Records START
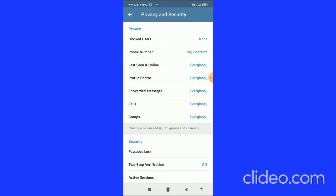Under the settings tab, you have to click on Privacy and Security. In the Privacy tab, the second option is Phone Number, so you have to click on Phone Number.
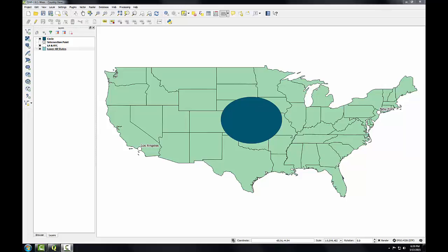Projections suitable for mapping the world are not necessarily the best for mapping smaller areas such as continents or countries. When mapping at such a scale in the mid-latitudes, it's important to use a projection that centers on the area being mapped and has a standard line or lines passing through the area being mapped. In this task, we're going to look at a map of the contiguous United States using a few different projections.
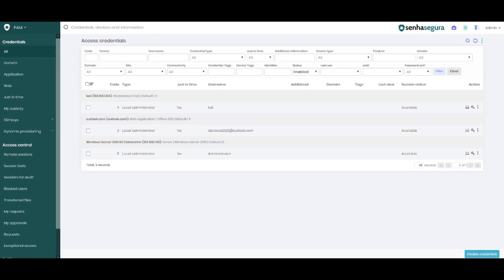Hello everybody, how are you? Welcome to another video from the SenhaSegura shorts.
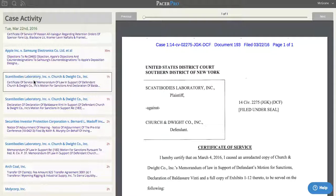I can click any of the particular docket entries to see the underlying document. And when I'm ready to take a deeper dive, I can click the case title to go to the actual docket sheet, using Pacer Pro's docket filters in order to see collections of documents. It's a simple, elegant solution that will help you get control of your email inbox.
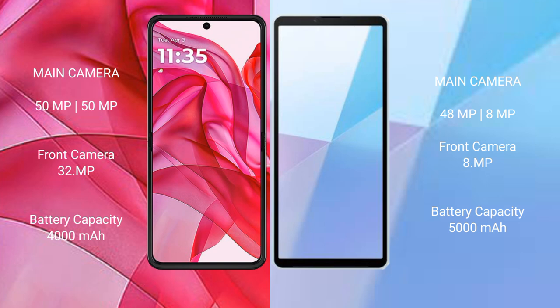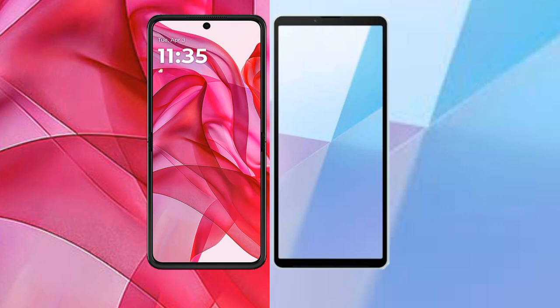The Motorola Razr 50 Ultra has a 4000mAh battery with 45W fast charging support. The Sony Xperia 10 Mark 6 has a 5000mAh battery with 20W fast charging support.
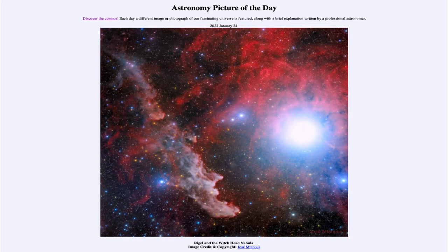Greetings and welcome to the introduction to astronomy. One of the things that I like to do in each of my introductory astronomy classes is to begin the class with the Astronomy Picture of the Day from the NASA website — that is apod.nasa.gov/apod — and today's picture for January 24th of 2022 is titled 'Rigel and the Witch Head Nebula.'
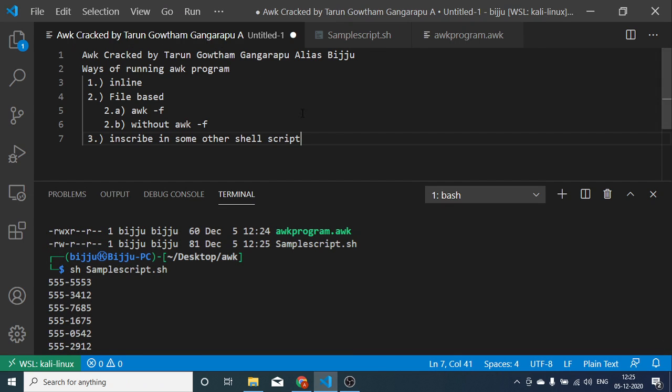So these are all the ways that we can run our AWK program. That's the end of this video. Thanks for watching. Do subscribe to my channel. Thank you. Bye.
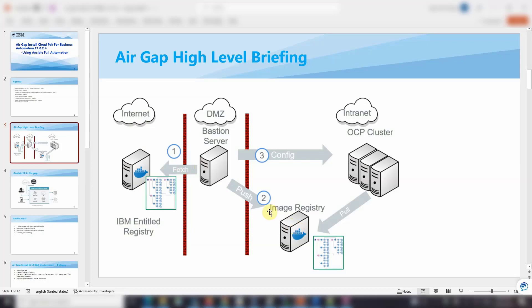And also interface with the OCP cluster to do the install and deployment. I hope you understand the whole picture.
Records END
> [What you should do]: Copy the records exactly, minus any pictures.

> [Solution below]:
Under the settings tab, you have to click on Privacy and Security. In the Privacy tab, the second option is Phone Number, so you have to click on Phone Number.
Projections suitable for mapping the world are not necessarily the best for mapping smaller areas such as continents or countries. When mapping at such a scale in the mid-latitudes, it's important to use a projection that centers on the area being mapped and has a standard line or lines passing through the area being mapped. In this task, we're going to look at a map of the contiguous United States using a few different projections.
Hello everybody, how are you? Welcome to another video from the SenhaSegura shorts.
I can click any of the particular docket entries to see the underlying document. And when I'm ready to take a deeper dive, I can click the case title to go to the actual docket sheet, using Pacer Pro's docket filters in order to see collections of documents. It's a simple, elegant solution that will help you get control of your email inbox.
The Motorola Razr 50 Ultra has a 4000mAh battery with 45W fast charging support. The Sony Xperia 10 Mark 6 has a 5000mAh battery with 20W fast charging support.
Greetings and welcome to the introduction to astronomy. One of the things that I like to do in each of my introductory astronomy classes is to begin the class with the Astronomy Picture of the Day from the NASA website — that is apod.nasa.gov/apod — and today's picture for January 24th of 2022 is titled 'Rigel and the Witch Head Nebula.'
So these are all the ways that we can run our AWK program. That's the end of this video. Thanks for watching. Do subscribe to my channel. Thank you. Bye.
And also interface with the OCP cluster to do the install and deployment. I hope you understand the whole picture.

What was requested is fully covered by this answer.